Deswegen sind Winternächte in Berlin zum Beispiel seltsam wirklich.
Jetzt stürzen sie sich wieder erregt auf ihre Mobilfunktelefone
um extralange Kurznachrichten zu verfassen
im Zweifingersystem.
Empörungen jagen im Binärcode durch den Äther
Etagenweise wird verzweifelt und schnell gelacht.
Dazu hat man die Zeit, es geht schliesslich ums Konzept. Das ist der Job.
Für die Ausführung gibt’s erstmal Algorithmen und die 3D-Druckertechnologie.
Aber die ist leider noch nicht soweit.
Weisse Körper schälen sich dünnhäutig – fast transparent –
aus durchnummerierten Sesseln.
Wie schlüpfende Mückenlarven wirken sie, jedoch sind sie steinalt.
Sie haben sich eingenistet in den öffentlichen Tempeln
und halten die feinen Nasen ständig witternd in die Luft.
Biologen würden sagen: sie verteidigen ihr Revier.
Kommt man näher, sieht man Schneidezähne in zerfurchten Grimassen,
umrahmt von billigem Schmuck und wachen Blicken.
Urplötzlich können sie angreifen.
So zum Beispiel einen iranischen Cembalospieler in der Philharmonie.

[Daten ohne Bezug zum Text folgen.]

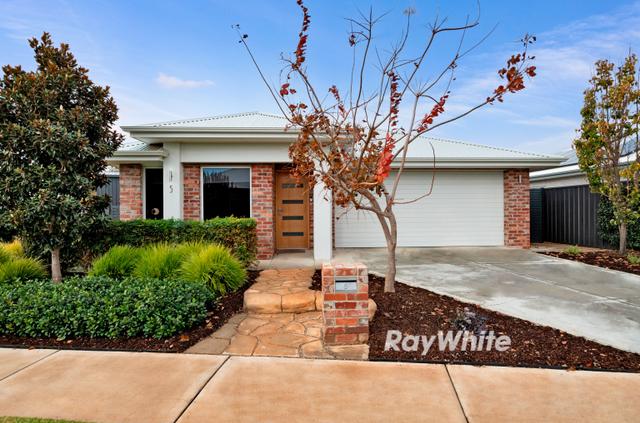 5 Redwood Drive, VIC 3500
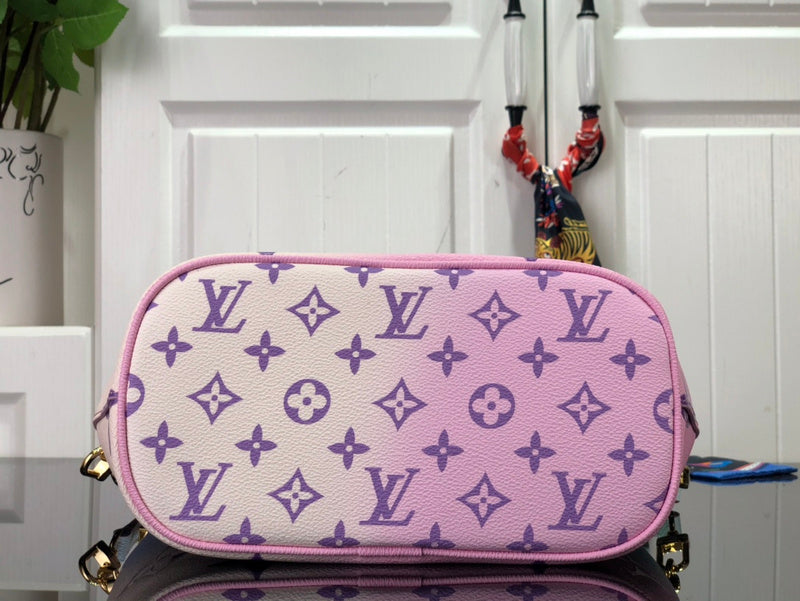 Alice Bags- Louis Vuittons  - 16504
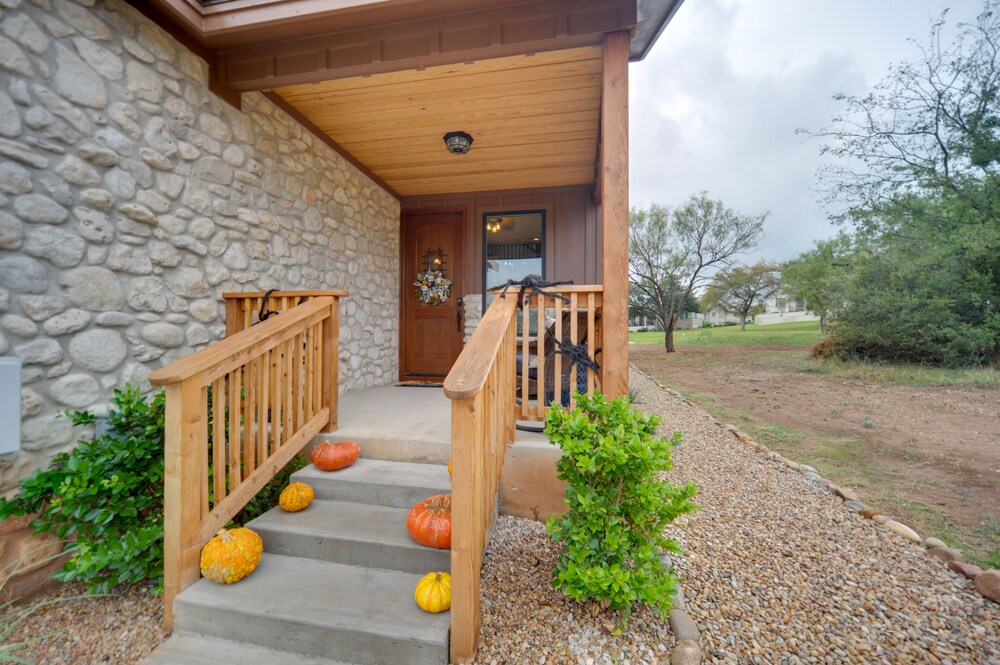 Horseshoe Bay Resort Home 6 Mi to Lake Lbj! - Property Image 8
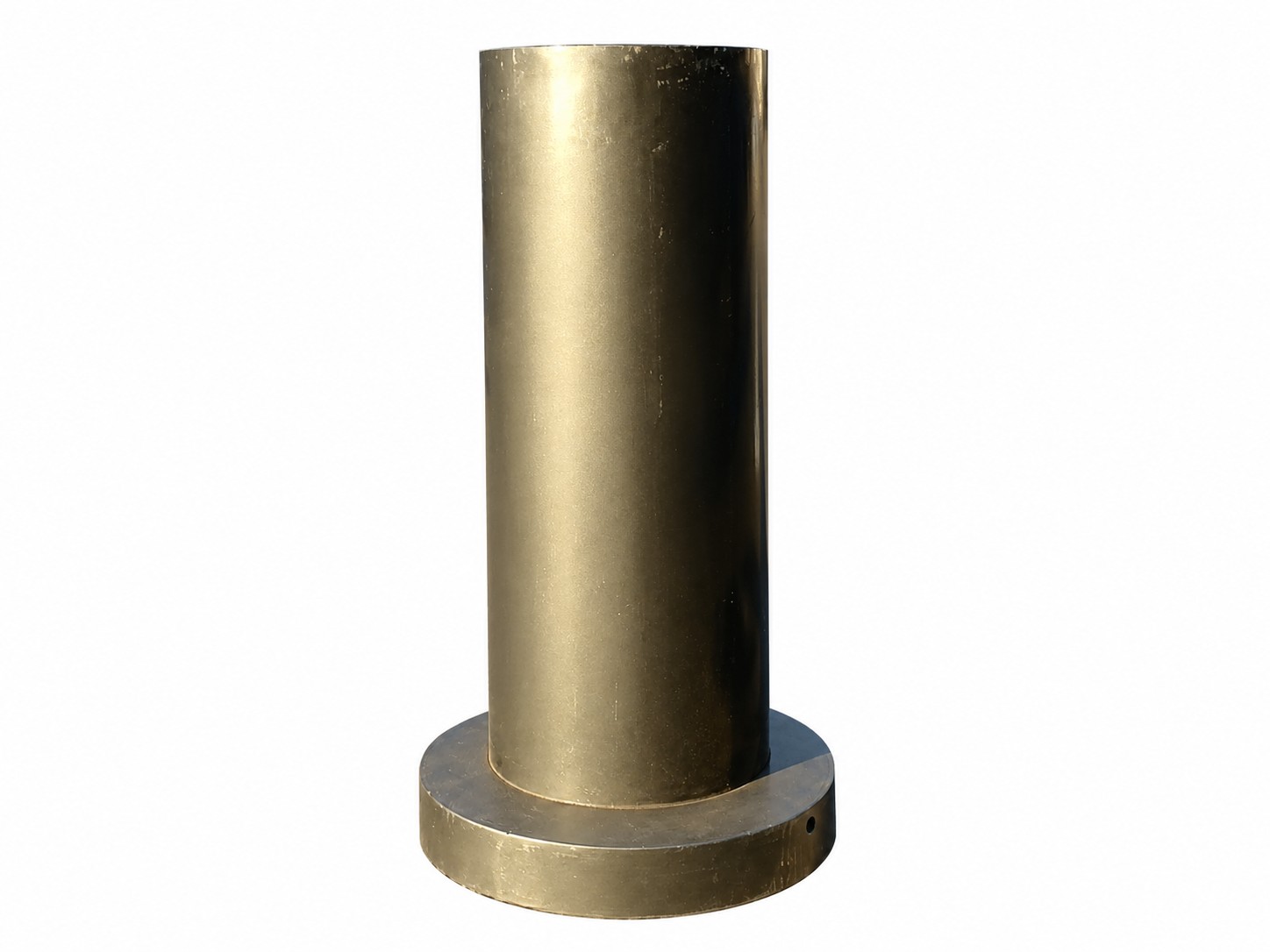 Pilona de 6 pulgadas con embellecedor colocado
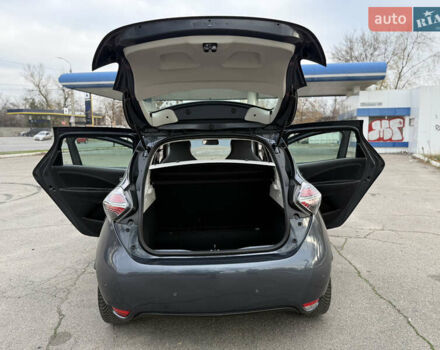 Серый Рено Зое, объемом двигателя 0 л и пробегом 45 тыс. км за 12999 $, фото 114 на Automoto.ua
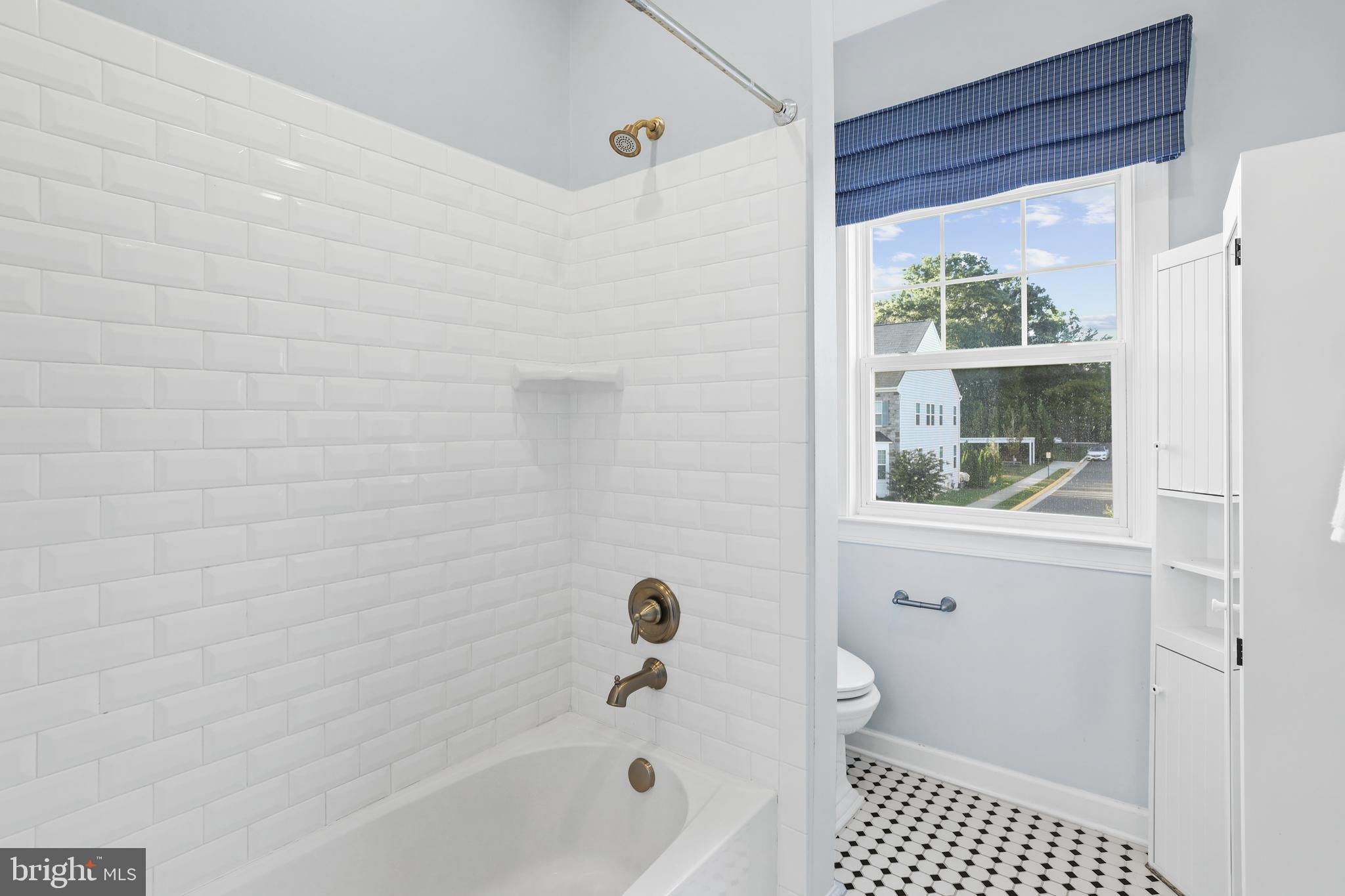 BURKE JUNCTION - Residential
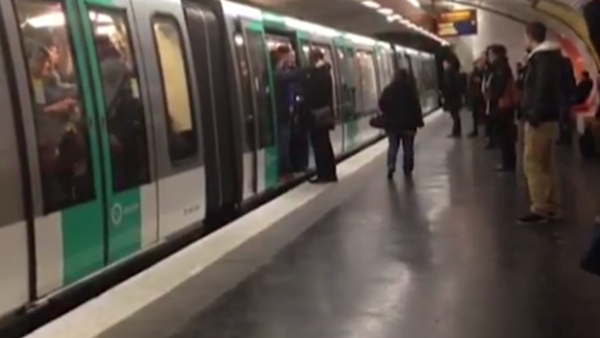 A screengrab from the incident at Richelieu-Drouot station in central Paris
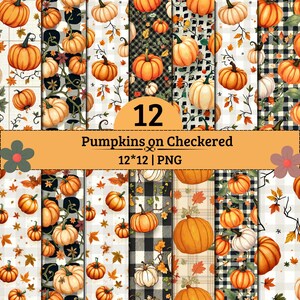 Puede incluir: Una colección digital de 12 patrones sin costuras con calabazas naranjas y blancas, hojas de otoño y fondos de cuadros blancos y negros. El texto central dice 12 Pumpkins on Checkered 12*12 | PNG, presentado como recurso gráfico.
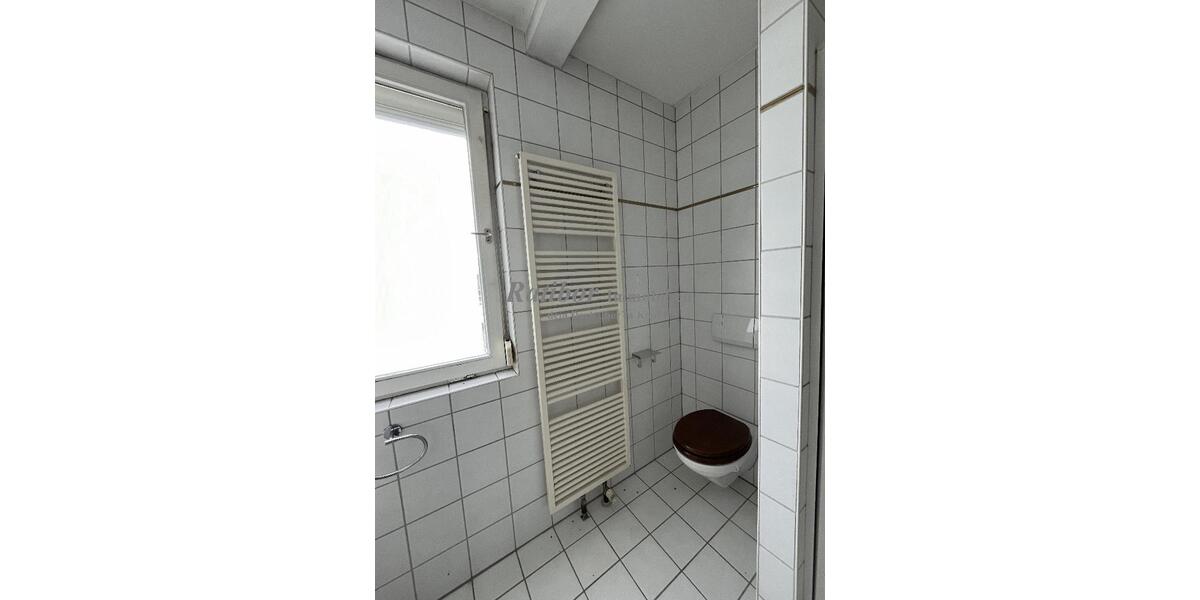 Außergewöhnliche und sehr großzügige 5 Zimmer Mansardenwohnung mit Dachterrasse und Wintergarten - Terrassenwohnung Roth Eckersmühlen | Angebot:26737654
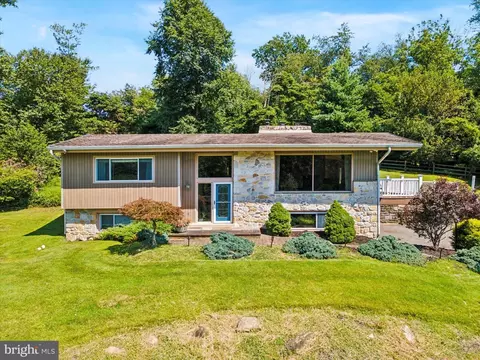 112 Gradyville Rd, Glen Mills, PA 19342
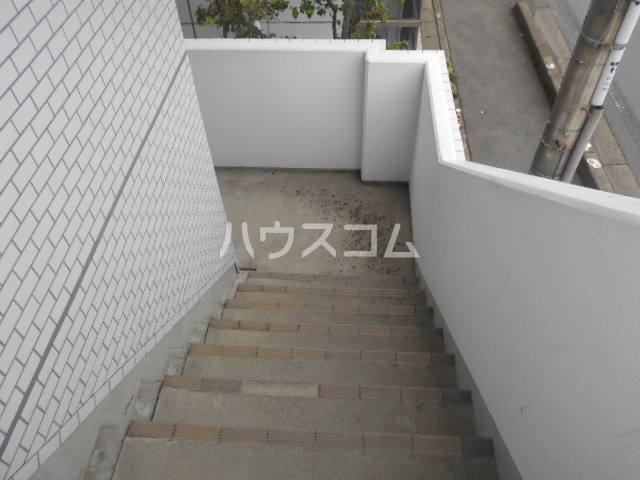 14/21 エントランス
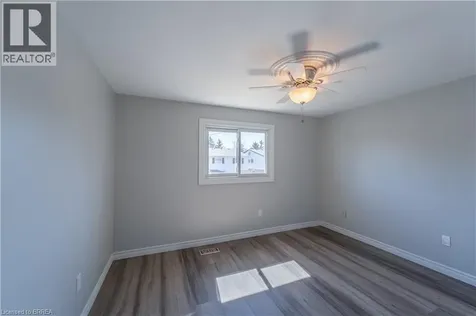 24 Oakhill Drive Brantford ON N3T 1R1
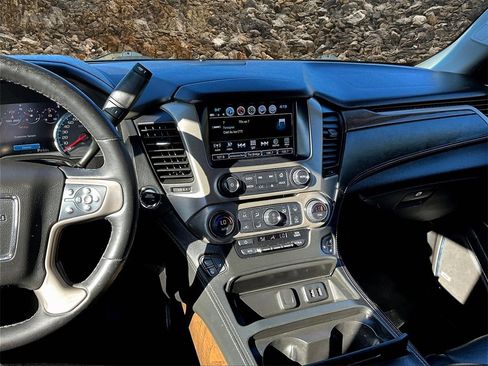 Used 2019 GMC Yukon XL Denali w/ Denali Ultimate Package image 6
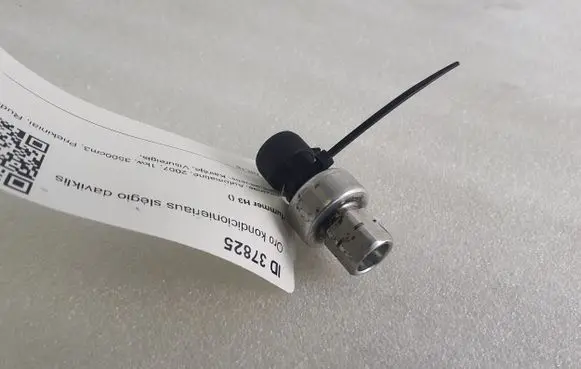 Hummer H3 Air conditioning (A/C) pressure sensor 22678731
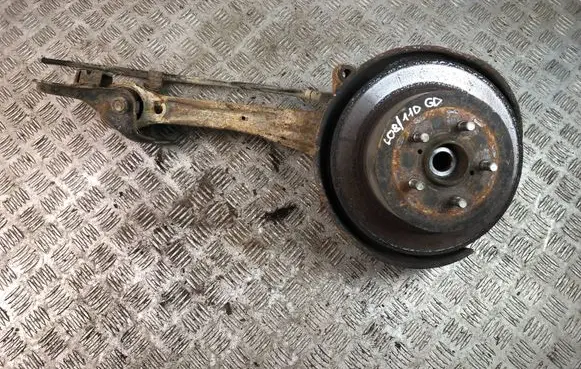 Subaru Legacy Rear wheel hub
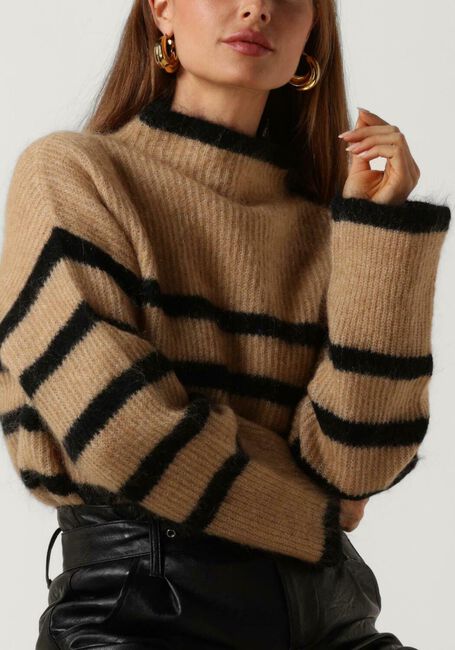 Camel SECOND FEMALE Trui OVALIS KNIT T-NECK - large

Dann bellt und heult die Brut zunächst, wie Wölfe oder Hunde es tun.
Auf ein unscheinbares Zeichen stürzen sie ungeahnt los
und reissen ihre Mäuler auf, in der Hoffnung auf dicke blutige Happen.
Seit neuestem aber bleibt ihr Blutdurst ungestillt.
Die Opfer sind keine Opfer mehr
und tönen schrill in sturer Nonchallance und in herabwürdigendem Akademikerenglisch.
Nur der Pöbel draussen auf der Strasse holt sich wie gewohnt noch seinen Zoll.
In den Sitzreihen der Tempel jedoch,
bleibt lediglich die Trauer um die eigene Fruchtbarkeit
und die Sehnsucht nach einer Vergangenheit,
die niemals sein darf.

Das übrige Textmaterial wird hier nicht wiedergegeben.